The box plots for the heights both have a rather small inter-quartile range, which shows that the majority of the boys and girls have a similar height to each other. The males IQ range is again bigger which shows that the majority of the males will have a more varied height then the majority of females and the median is much higher. The skewness of the male heights is positive and this shows that height is not average and they are not that tall. Female heights are also positively skewed showing that they are also not that tall.
These are the explanations of the diagrams I have made.
Conclusion
Throughout this coursework I have made many relationships between the height and weight of males and females of the school Mayfield high. I have tested the theory that the taller the students will be the heavier they will become in contrast to shorter students, which I believe will weigh less, I also believe that males will be taller than females. My theory is correct through my coursework showing that the taller students get the heavier they get and that males are taller than females.
The modifications I could have made to the original plan or made further developments from my original aim all consisted of what my hypothesis could have included. I could have produced information to see who were more intelligent males and females, and more expansion on the wider areas of the coursework.

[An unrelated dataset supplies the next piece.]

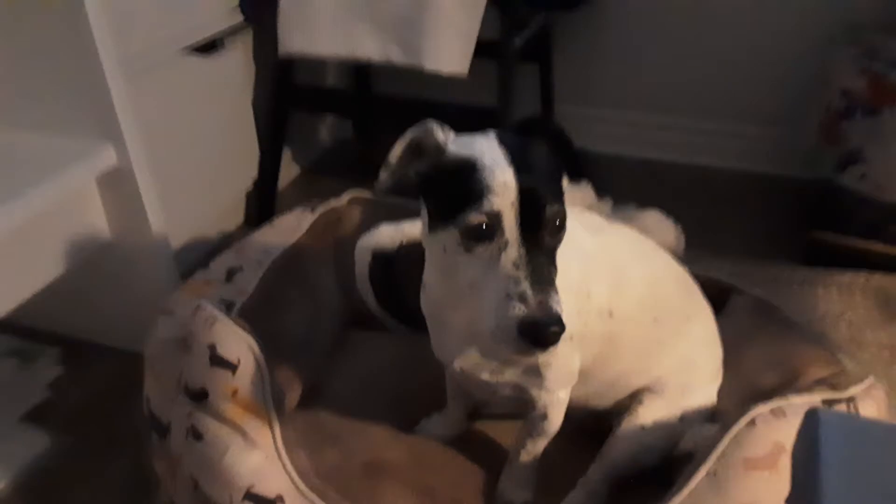Hi guys, today I'm going to show you my dog. I've got the camera closer so you don't see my face, because that's important.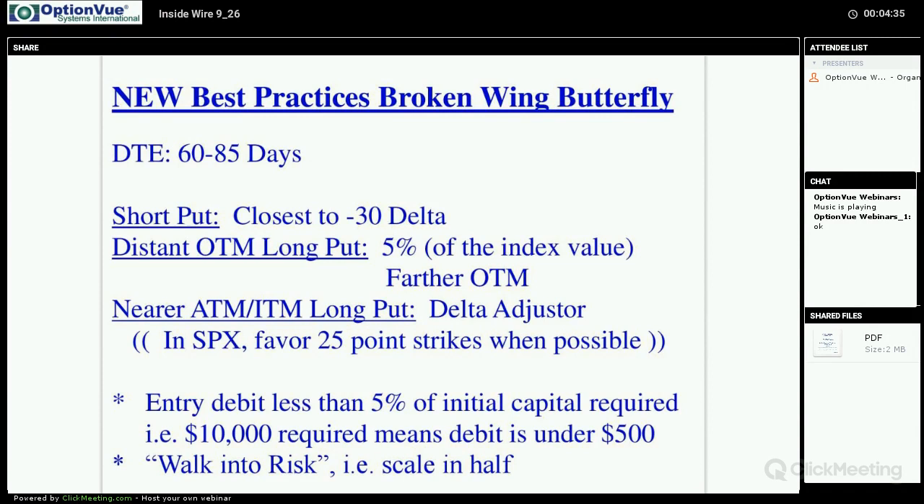At the at-or-in-the-money long put — also half the contracts of the short — that is what we call our delta adjuster strike, and we go to the strike that gives us the most balanced delta, closest to zero. In all of this we try to favor 25-point strikes when possible, as the open interest is typically better at those strike locations, executions are easier, and spreads are tighter.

The problems I had with the practicals of my work all are based on making the graphs such as the scatter and box plots. I had problems in inserting the data from another source and interpreting the data to graphs.
Eventually I overcame the problems figuring out what I had to do.
Overall this coursework has inspired me that there is more to explaining and showing the difference between height and weights between students, which are relevant for future references.
Appendix
My appendix will consist of raw data such as my calculations and my stratified samples.
The table shows my calculations. The calculations are all for my stratified samples using proportions to calculate the amount of samples I picked.
This can be described as raw data as the calculations is data which I needed to pick my samples and it is raw because the calculations were rounded to the nearest ten and used the numbers to pick my samples.